Faced with economic troubles, petitioner was constrained to cut down the overtime work of its workers.
This forced private respondents to leave their work for their home Cebu. The latter filed illegal dismissal,
non-payment of wages, holiday pay, 13th month pay for 1997 and 1998 and service incentive leave pay
as well as damages and attorney’s fees. Petitioner admits employment of private respondents but insist
they were project employees only. Petitioner also argued that the food allowance of P63.00 must be
added to the basic pay of private respondents.

Ruling of LA: With respect to the underpayment of wages the non-monetary benefits as well as the food
allowance must not be included in the computation of their basic pay because these were given without
their written consent.

Ruling of NLRC: Affirmed the findings of the LA.

Ruling of CA: The CA likewise found that the private respondents were underpaid.
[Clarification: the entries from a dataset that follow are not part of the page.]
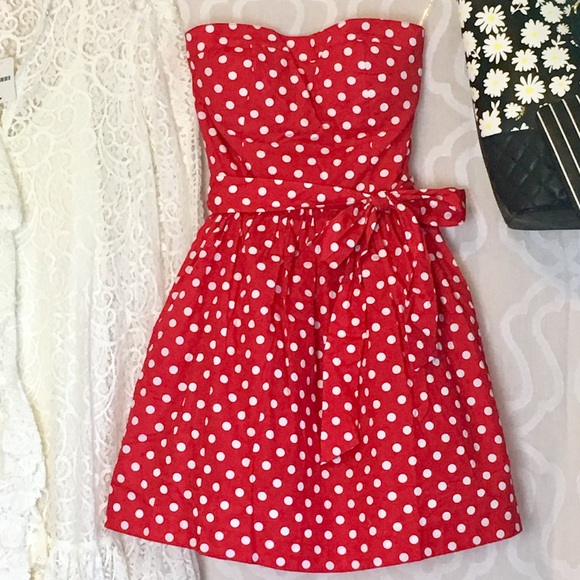 *CLEARANCE* Red Strapless Polka Dot Pin Up Dress - Picture 7 of 7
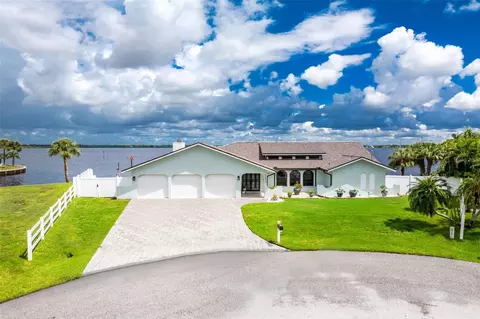 2459 Dixon Ter, Port Charlotte, FL 33981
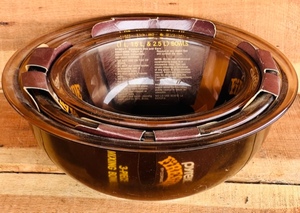 lot 266 image: Pyrex by Corning Fireside 3-Piece Mixing Bowl Set (1L,1.5L,&amp2.5L)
ISSUE: WON private respondents were paid their appropriate basic wage upon inclusion of the value of
the facilities they used and their meal allowance.

CONCLUSION: No.

RULING:
Section 3, Rule VII of the Rules to Implement the Labor Code specifically enumerates those who are not
covered by the payment of minimum wage. Project employees are not among them.
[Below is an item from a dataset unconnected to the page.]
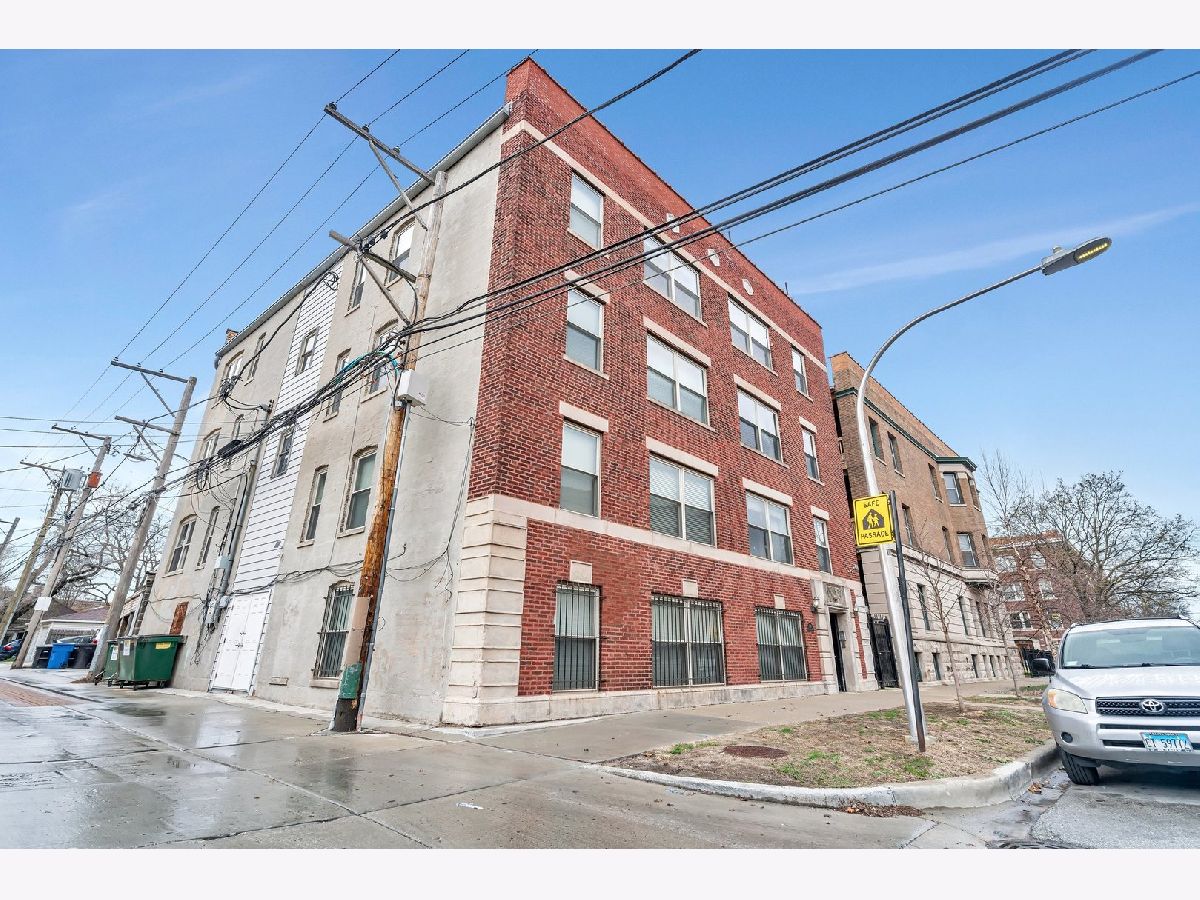 Condos & Townhomes & Homes For Sale Sheridan Park Chicago Illinois, 1410 Sunnyside Avenue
Also, Section 1 of DOLE Memorandum Circular No. 2 provides that an employer may provide subsidized
meals and snacks to his employees provided that the subsidy shall not be less that 30% of the fair and
reasonable value of such facilities. In such cases, the employer may deduct from the wages of the
employees not more than 70% of the value of the meals and snacks enjoyed by the latter, provided that
such deduction is with the written authorization of the employees concerned.
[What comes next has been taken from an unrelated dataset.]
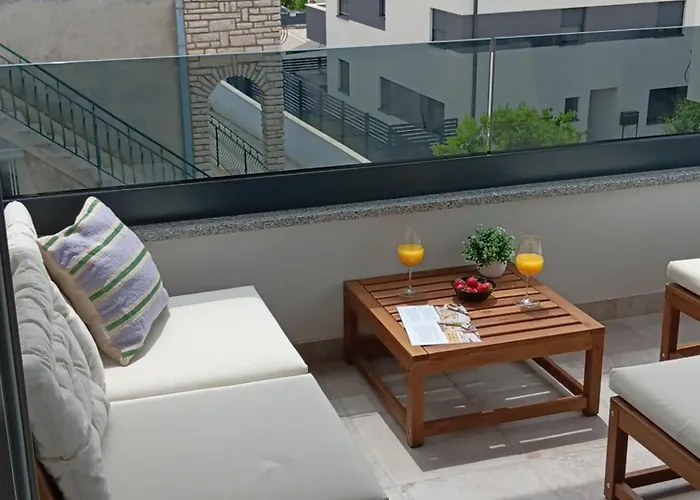 Mav Apt, New, Modern, Near Old Town, Free Parking Appartement *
Moreover, before the value of facilities can be deducted from the employees’ wages, the following
requisites must all be attendant: first, proof must be shown that such facilities are customarily furnished
by the trade; second, the provision of deductible facilities must be voluntarily accepted in writing by the
employee; and finally, facilities must be charged at reasonable value. Mere availment is not sufficient to
allow deductions from employees’ wages.

APPLICATION:
These requirements, however, have not been met in this case. SLL failed to present any company policy
or guideline showing that provisions for meals and lodging were part of the employee’s salaries. It also
failed to provide proof of the employees’ written authorization, much less show how they arrived at
their valuations. At any rate, it is not even clear whether private respondents actually enjoyed said
facilities.

Also, the Court distinguished between facilities and supplement as contested by petitioner. The benefit
or privilege given to the employee which constitutes an extra remuneration above and over his basic or
ordinary earning or wage is supplement; and when said benefit or privilege is part of the laborers' basic
wages, it is a facility. The distinction lies not so much in the kind of benefit or item (food, lodging, bonus
or sick leave) given, but in the purpose for which it is given. In the case at bench, the items provided
were given freely by SLL for the purpose of maintaining the efficiency and health of its workers while
they were working at their respective projects.

CONCLUSION:
Thus, Private respondents are entitled to be paid the minimum wage.